Neuroprotective potential of eugenol against acrylamide-induced brain toxicity by regulating Nrf2/NQO1/HO-1 and NLRP3/NF-κB/IL-1β signaling cascades.

Acrylamide (ACR), a common environmental and dietary neurotoxicant, exerts profound deleterious effects on the central nervous system by triggering oxidative stress, neuroinflammation, apoptosis, and motor impairments. Eugenol (EU), a natural phenolic compound known for its antioxidant and anti-inflammatory properties, was evaluated for its neuroprotective efficacy in ACR-induced brain toxicity in rats. Male Wistar rats were orally administered ACR (20 mg/kg/day) for four weeks to induce neurotoxicity, with concurrent administration of EU at two doses (50 and 100 mg/kg/day). Behavioral assessments, including foot splay, gait score, and rotarod performance, were conducted to evaluate motor coordination and neuromuscular integrity. Biochemical analyses revealed that ACR significantly elevated markers of oxidative and nitrosative stress, suppressed antioxidant defense mechanisms. Furthermore, ACR induced significant upregulation of pro-inflammatory mediators (NLRP3, p-NF-κB, IL-1β), as well as apoptosis markers such as caspase-3, alongside prominent histopathological alterations and astrocyte activation (evidenced by increased GFAP expression). Treatment with EU resulted in a dose-dependent amelioration of these neurotoxic effects. Notably, EU restored motor function, attenuated oxidative/nitrosative damage, and reactivated the Nrf2/NQO1/HO-1 antioxidant pathway.

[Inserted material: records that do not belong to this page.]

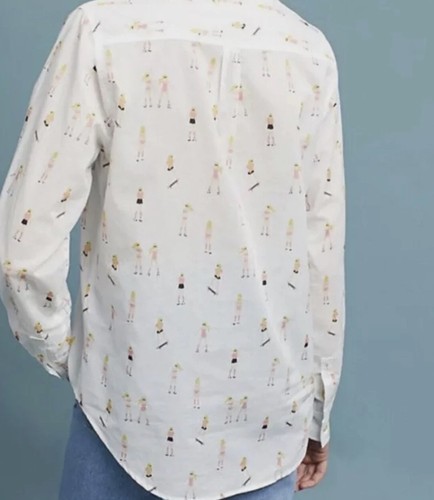 COTELAC ACOTE Roller Skater Girl Print Cotton Button Down Shirt Top S $295 - Picture 15 of 15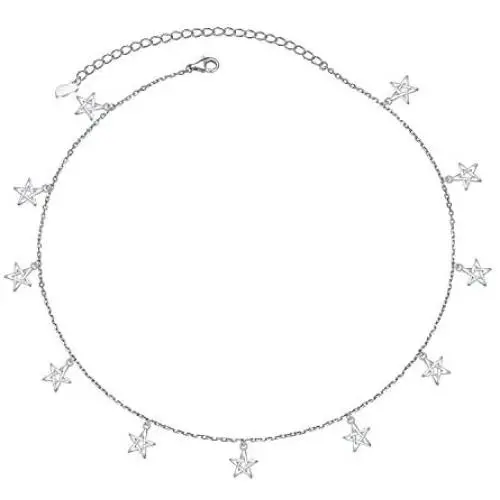 S925 Sterling Silver Celestial Jewelry Lucky Star Hollow Choker Necklace Disc Chain Statement Short Chain Necklace for Women Girls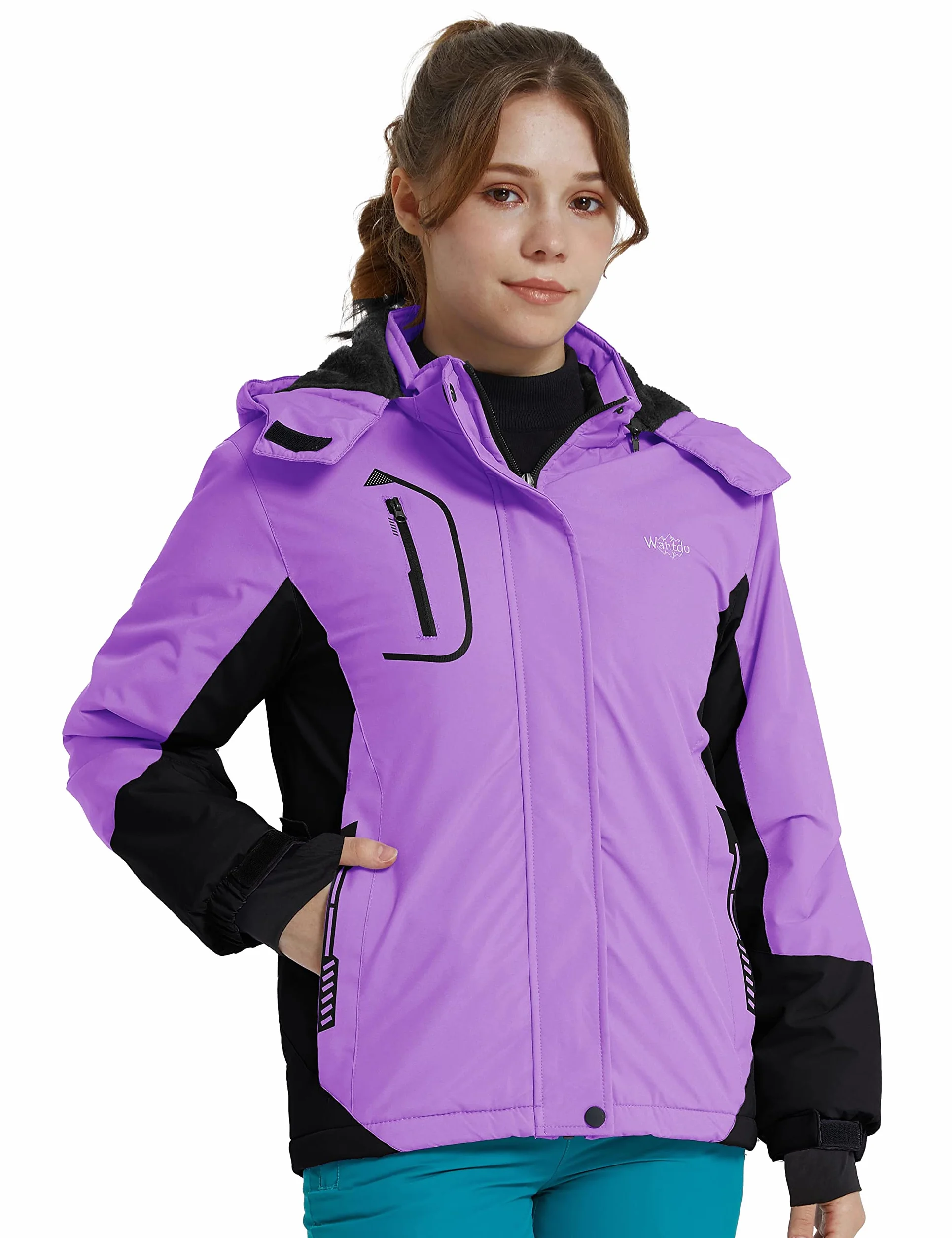 Wantdo Chaquetas de Esquí Impermeable Montaña Abrigo Snowboard para Exteriores Parka de Nieve con Capucha Chaqueta Aislada con Vellón Cálida Invierno para Niñas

Simultaneously, it significantly downregulated the expression of NLRP3, p-NF-κB, and IL-1β, indicating strong anti-inflammatory action. Histological analysis confirmed preservation of neuronal architecture, while immunohistochemistry showed reduced caspase-3 and GFAP expression in EU-treated groups. These findings suggest that EU exerts potent neuroprotective effects against ACR-induced brain toxicity, primarily through modulation of redox balance, suppression of neuroinflammation, and inhibition of apoptotic cell death, via targeting both the Nrf2-mediated antioxidant system and the NLRP3/NF-κB/IL-1β inflammatory cascade.